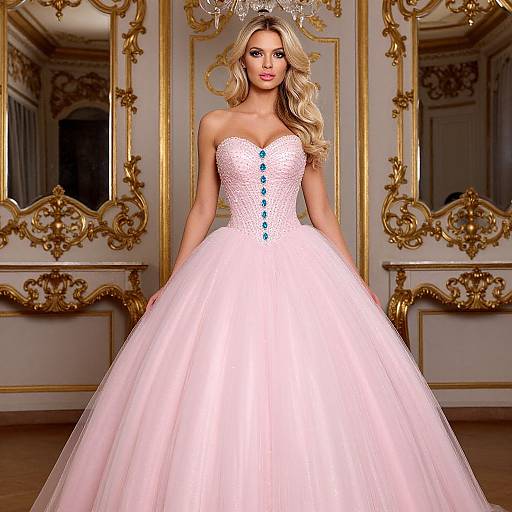 Elegant Woman in Pink Ball Gown with Jeweled Bodice in Luxurious Interior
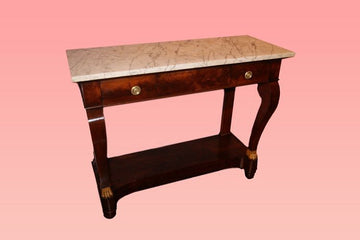 Antique Italian Empire console table in mahogany, with marble 1800s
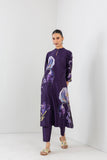 VIOLET ABYSS SILK CHANDERI IRIS LILY PRINTED TUNIC (1 PC)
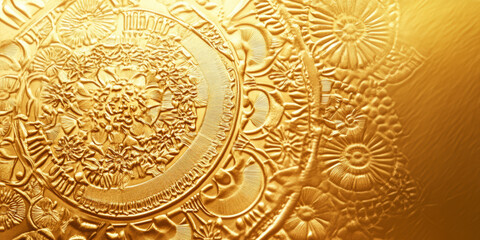 Polished gold background with intricate patterns etched across the surface. The glowing golden hue gives it a regal, prestigious aura, making it ideal for luxury branding, high-end packaging, and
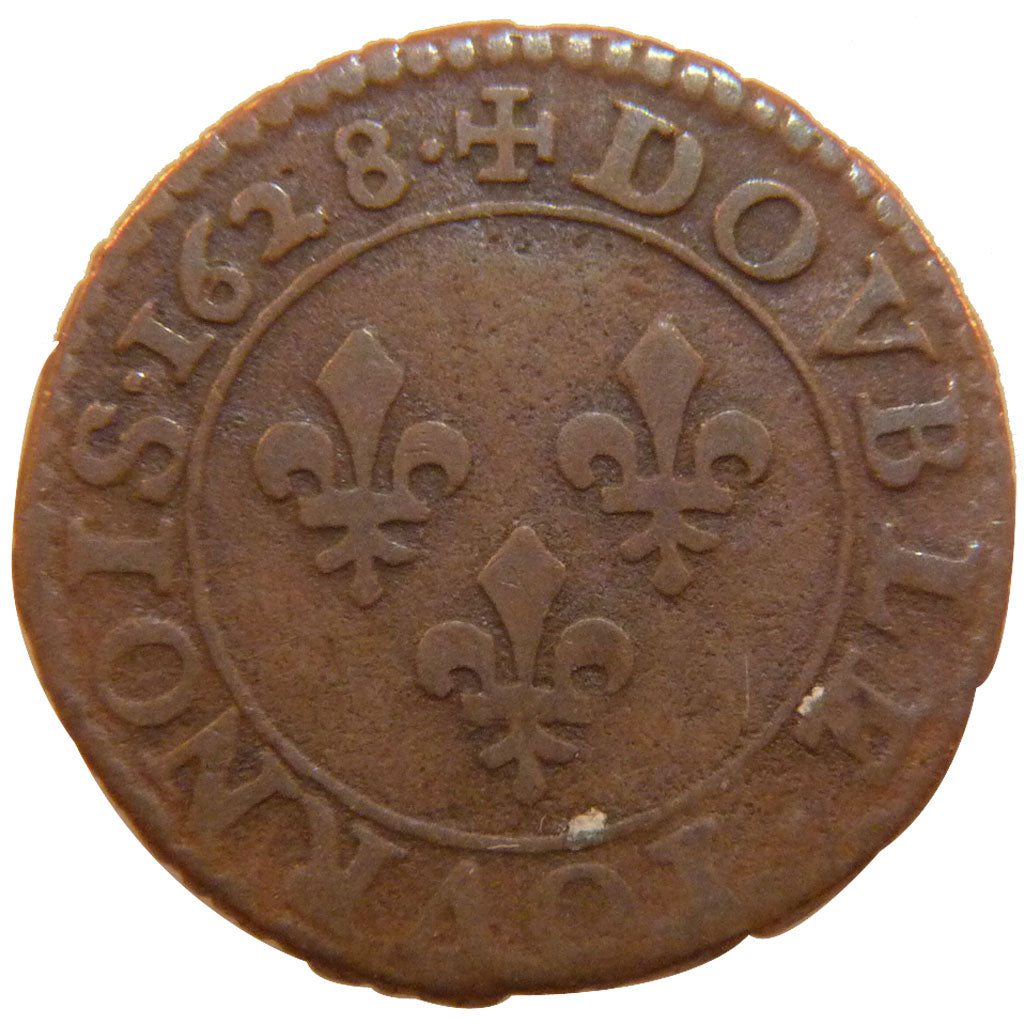 FRANCE, Double tournois, buste juvénile, Double Tournois, 1628, Paris, KM #61.1,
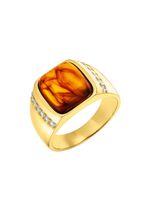 herenring met echte barnsteen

### Goal of the exercise
Word for word, write out the full listing, leaving the pictures aside.

### Exercise result
 Elegant Woman in Pink Ball Gown with Jeweled Bodice in Luxurious Interior
 Antique Italian Empire console table in mahogany, with marble 1800s
 VIOLET ABYSS SILK CHANDERI IRIS LILY PRINTED TUNIC (1 PC)
 Polished gold background with intricate patterns etched across the surface. The glowing golden hue gives it a regal, prestigious aura, making it ideal for luxury branding, high-end packaging, and
 FRANCE, Double tournois, buste juvénile, Double Tournois, 1628, Paris, KM #61.1,
 herenring met echte barnsteen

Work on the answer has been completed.